What The Ordinary Started, Minimalist Scaled
- Kimaya Agrawal
- Jul 25, 2025
- 2 min read
Updated: Jul 26, 2025
Originality is nothing but judicious imitation.” - Voltaire
Minimalist launched in India in 2020 with a clear agenda: science-backed skincare, simple formulations, and ingredient transparency. But the model wasn’t new. The blueprint, visually, strategically, and commercially, was laid out years earlier by The Ordinary, a Canadian brand that transformed the global beauty industry by stripping skincare down to its core components.
Everything from Minimalist’s dropper bottles and white-and-black packaging to its product naming format echoes The Ordinary’s approach. Products like Niacinamide 10% + Zinc 1% or AHA BHA Peeling Solution appear across both catalogues with near-identical branding and messaging. The similarities are so strong that Minimalist has been repeatedly referred to as “India’s The Ordinary” by consumers and media alike.
The Ordinary’s rise was fueled by its intent to educate. It wasn’t only transparent in ingredient listings, it also made transparency the brand. It launched with minimal marketing spend, relying on viral word-of-mouth, and spoke directly to the “skintellectual” consumer who prioritised efficacy over embellishment. Its success reshaped industry norms and redefined consumer expectations around clarity and pricing.
Minimalist, by contrast, applied the same aesthetic and logic to an untapped Indian audience. Its growth was immediate. Within four years, it reached a ₹500 crore annual revenue run rate and was acquired by Hindustan Unilever in one of the fastest exits in Indian beauty brand's history.
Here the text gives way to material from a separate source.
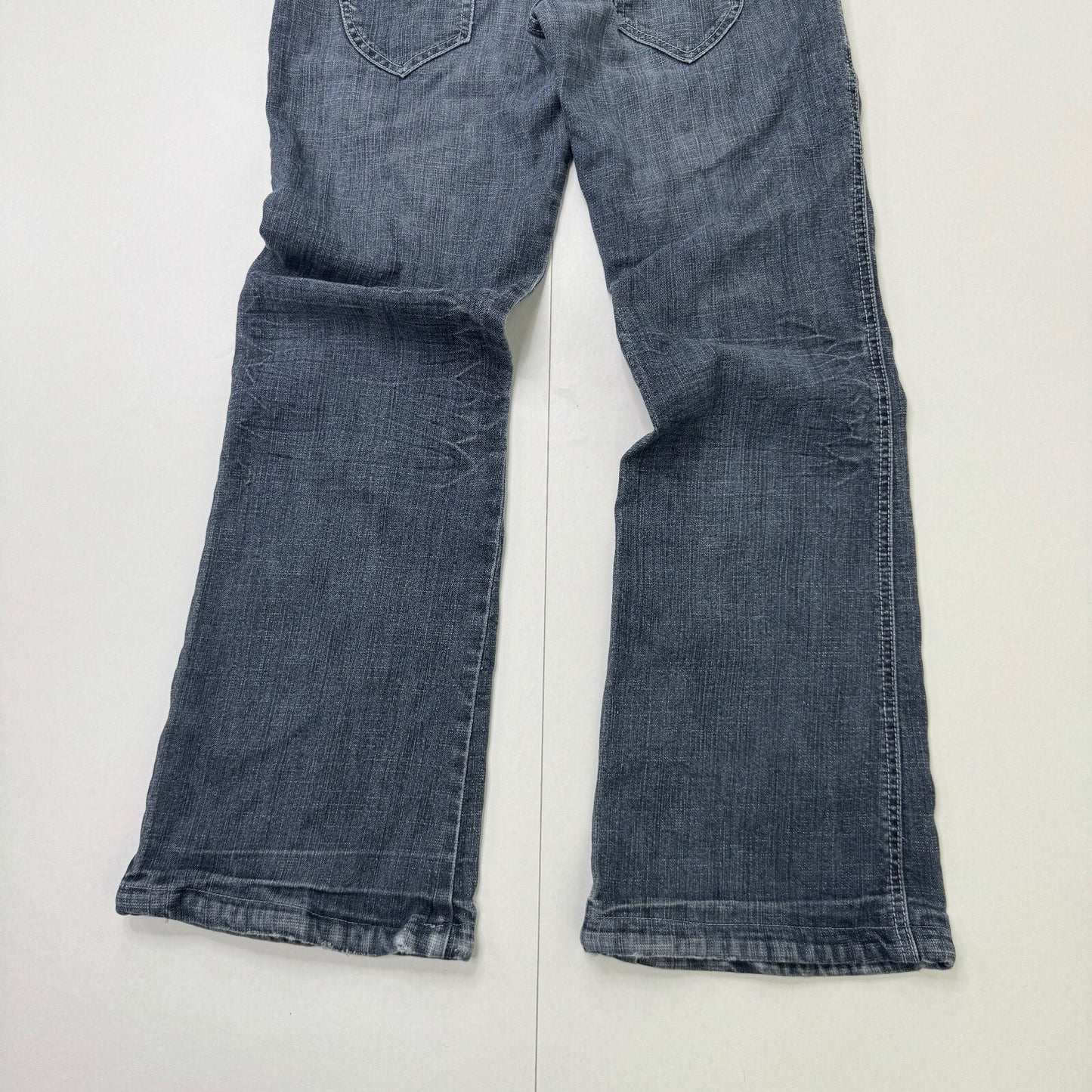 Y2K vintage low rise denim jeans baggy faded mid blue wash cargo pockets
It didn’t build the category, but it executed the format with speed, precision, and market-specific adaptation.
The brand deserves credit for operational excellence and smart positioning, but not for originality. It didn’t redefine the relationship between brands and consumers. It followed an existing formula, replicated it for a new geography, and optimised it for scale. That’s a business case, not a branding breakthrough.
The Ordinary created a movement. Minimalist turned that movement into a scalable model. One influenced culture. The other monetised it.
In a global beauty market where design codes and marketing language are shared instantly, the real differentiator is authorship. Minimalist is a sharp reflection. The Ordinary is the source.